Von Corona geheilt«Als ich aus der Quarantäne kam, klatschte das Personal»
Der 86-jährige Ernst Schafroth aus Oberrieden war der erste Patient, der mit einem schwerwiegenden Corona-Verlauf ins See-Spital eingeliefert wurde.
Wie geht es Ihnen?
Den Umständen entsprechend gut. Ich bin immer noch sehr müde und habe leichten Husten. Aber das Schlimmste habe ich wohl überstanden.
Sie wurden am 13. März ins See-Spital eingeliefert, weil Sie sich mit
dem Corona-Virus infiziert haben. Können Sie sich erklären, wie es
zu der Ansteckung kommen konnte?
Wir haben eine Wohnung im Engadin. Ziemlich sicher habe ich mich dort während einer privaten Einladung angesteckt. Es waren rund 40 Personen anwesend. Eine Umfrage danach ergab, dass sich mindestens drei Leute aus dieser Gesellschaft mit dem Virus angesteckt hatten.
Wann hatten Sie die ersten Krankheitszeichen?
Wir sind am 8. März aus dem Engadin zurück nach Oberrieden gefahren. Daheim merkte ich sehr schnell, dass ich mich krank fühlte. Auch meine Frau hatte Symptome, diese waren aber viel milder als bei mir. Weil es immer schlimmer wurde, untersuchte mich ein Arzt auf Corona und überwies mich ins See-Spital, wo ich positiv auf das Virus getestet wurde.
Viele Menschen glauben, eine Infektion mit dem Coronavirus fühle sich an wie eine Grippe. Stimmt das?
Für meine Frau stimmt das. Aber für mich fühlte es sich stärker an als eine Grippe. Ich hatte hohes Fieber, Gliederschmerzen und Husten. Zum Glück hatte ich aber keine Atemnot. Da bin ich sehr froh.
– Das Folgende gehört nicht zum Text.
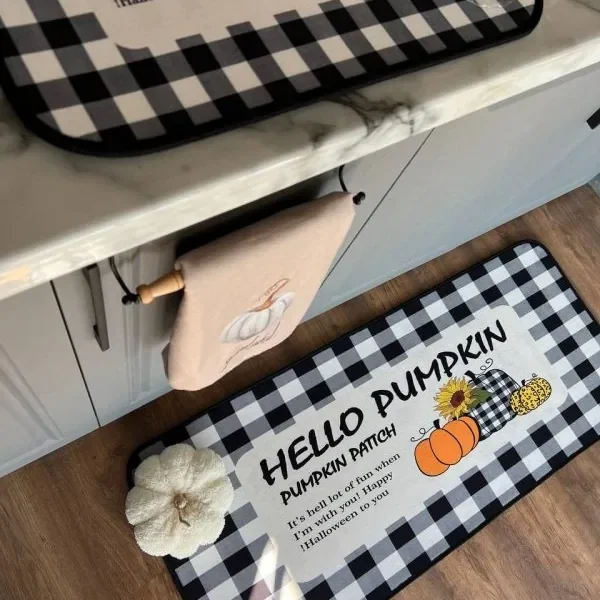 ست نمگیر و پادری زیرسینکی طرح Hello Pumpkin با زمینه چهارخانه مشکی و طرح کدو تنبل و آفتابگردان روی کف چوبی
Die Ärzte fragten mich, ob ich noch ein letztes Mal mit jemandem sprechen wolle.
Obwohl Sie eine starke Lungenentzündung entwickelt haben.
Genau. Eines Tages kamen die Ärzte zu mir und sagten, dass meine Lunge stark in Mitleidenschaft gezogen ist, wie sie auf den Röntgenbildern sahen. Da wusste ich, die Lage ist sehr ernst.
Hatten Sie Angst, zu sterben?
Eigentlich nicht. Das lag wohl daran, dass ich keine Atemnot hatte. Aber als mich die Ärzte fragten, ob ich noch ein letztes Mal mit jemandem sprechen wolle und ob ich alle meine Sachen in Ordnung gebracht hätte, da bekam ich schon ein mulmiges Gefühl.
Sie mussten zwei Wochen in Quarantäne verbringen. War das eine zusätzliche Belastung?
Es war eine spezielle Situation. Aber ich konnte während dieser Zeit täglich mit meiner Frau telefonieren. Als es mir besser ging und ich nicht mehr ansteckend war, hat mich das Personal im See-Spital einmal mit dem Rollstuhl vor das Gebäude gefahren, wo ich kurz mit meiner Frau sprechen konnte. Sie durfte ja nicht ins Spital hinein. Das war ein sehr schöner Moment.
Wie ist das Pflegepersonal mit der Situation umgegangen?
Die Menschen im See-Spital haben eine wunderbare Arbeit gemacht. Ich habe mich in dieser schwierigen Zeit sehr gut aufgehoben gefühlt. Als ich von der Quarantäne wieder auf die normale Station verlegt worden bin, haben sich rund 30 Pflegepersonen im Gang versammelt und geklatscht. Das hat mich sehr berührt.
Mit 86 Jahren gehören Sie zur Risikogruppe. Andere Patienten in diesem Alter müssen künstlich beatmet werden oder sterben sogar. Warum glauben Sie, konnten Sie das Virus besiegen?
Dank guter Pflege und ärztlicher Kunst, aber wohl auch dank dem Ausdauersport, den ich viele Jahre betrieben habe. Dadurch habe ich eine starke Lunge. Und ich habe auch keine Vorerkrankungen.
Wie lange müssen Sie nun noch im See-Spital bleiben?
Ich werde in Kürze in die Reha verlegt und kann das Spital verlassen. Ich fühle mich aber immer noch sehr schwach. In den letzten drei Wochen habe ich zehn Kilo an Gewicht verloren. Es wird eine Weile dauern, bis ich nach dieser Krankheit wieder der Alte bin.